So much being written today about UK food and trade, so time for the thread. In short, factually:

- reasonable for the US to want us to accept their food
- reasonable (& broadly WTO compliant) for us to set conditions
- the lack of evidence, plus distractions, is troubling 1/
Start with the reason we're having a food and trade debate, easy to forget when distractions are thrown in around protectionism and developing countries. The US want as a price for a trade deal a guarantee their food can be sold in the UK (i.e. repeal any current bans). 2/
The US are behaving in trade talks just like the EU. As the bigger player, an insistence on their rules. A sign of our debased UK debate is that few make this equivalence, or indeed ask why the UK doesn't do similar to smaller countries? 3/
So, easy question for the UK (though not an easy answer). Is it worth changing our food standards to get a US trade deal. Again, this is the question we should be debating in the first instance, not being distracted. And the UK public have views... 4/ https://twitter.com/sophgaston/status/1315589230488432641
The food and trade debate in the UK gets weird when it comes to impact. Because there's no comprehensive assessment. Does it really mean cheaper food, or will it put farmers out of business, or threaten environmental degradation? We don't know. 5/
Instead of evidence, proponents of a US trade deal tend to say restrictions on food imports will be protectionist, hit developing countries, and are against WTO rules. All are frankly dubious. 6/ https://twitter.com/CapX/status/1315565440513515522
Half of trade twitter has spent the last five days debating the extent to which restrictions on imports based on production methods are WTO compliant. Good to keep them busy. On balance, yes, the UK can have rules on imports. 7/ https://twitter.com/DavidKleimann/status/1314428004152627202
So, the UK can if we want put in place rules on what food we import beyond what is safe. They have to be well designed. And not probably if we also want a US trade deal. But issues like animal welfare, antibiotics, climate change could be covered. But at what cost? 8/
So is putting in place rules on imports protectionist and hitting developing countries worst? Given all countries have extensive regulations on everything, the idea that such rules are by nature protectionist seems wrong. But they should be designed to minimise trade impact. 9/
Developing countries? Well for a start we should be aware that doing trade deals with developed country agriculture exporters is bad for developing countries, who lose the advantage of having zero tariffs.
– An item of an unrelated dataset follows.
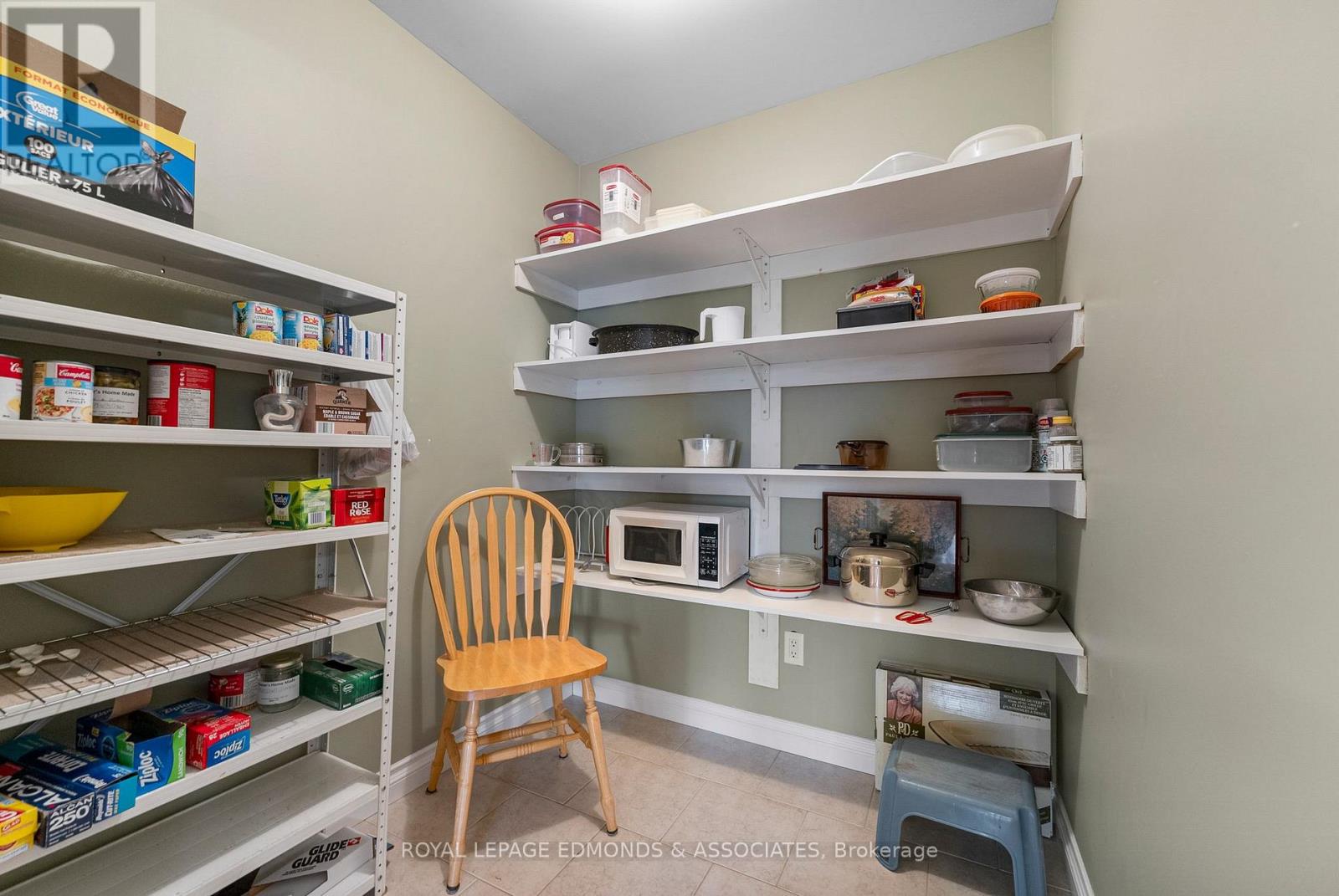 17 Minto Street, Whitewater Region, Ontario  K0J 1C0 - Photo 18 - X12479445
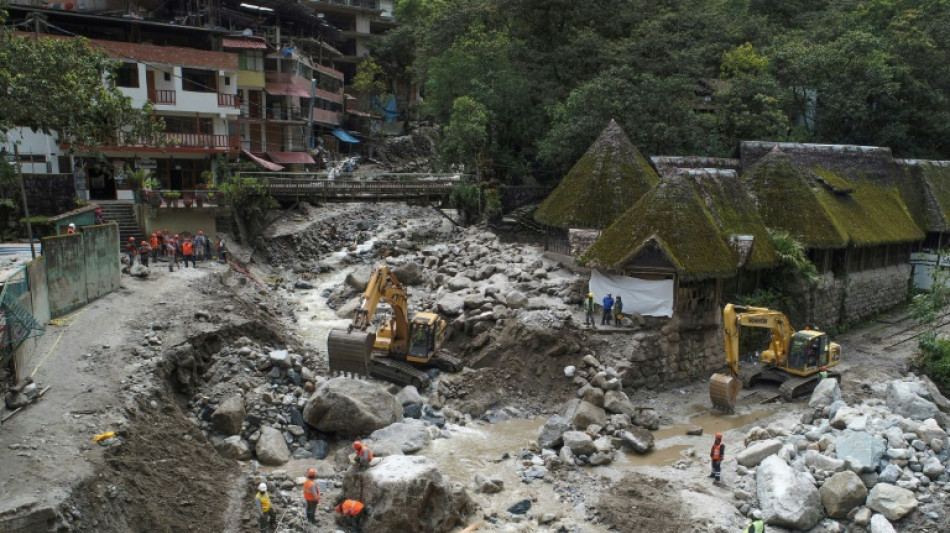 Pérou: opérations de nettoyage au pied du Machu Picchu après des inondations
So not a great argument for a US trade deal. 10/
Developing countries already have to meet many rules and regulations to export, so a lot will depend on how any new ones are implemented, but in general it should be noted that exporters often produce to high standards (and in many cases are multinational owned). 11/
So back to the UK. The choice as it turns out is ours. If we care enough about animal welfare, over-use of antibiotics, have concerns about some treatments, we can set rules. If we don't care that much, we could let others like the US set our rules. 12/
The obvious answer was and still is to set up a proper body to examine trade and food - and the Trade and Agriculture Commission is due to report in January but needs more time and wider membership. It attracted a shadow body who have reported today... https://www.sustainweb.org/resources/files/reports/FBSC_Maintaining_UK_food_standards_embargo_12-10-20.pdf 13/
In the event of a Biden win we probably have more time, as it would then be hard to see a UK-US trade deal for a couple of years. If Trump wins, it seems the US is already threatening that we must accept their food. So immediate problems. 15/
Most of all to set UK trade policy, in particular on food, we need more facts and less hiding and diversion. We have the power now as the UK to set our own food rules. If we want to give that away again, to who, wy, and with what impact. We still don't know. 16/ end
PS Challenge 1 - I'm confusing food safety and production standards. Guilty, and deliberately so. Let's talk about the fullest range of regulations relating to food, and often the two are linked (e.g. because of over-use of antibiotics). WTO laws differ, but both can feature.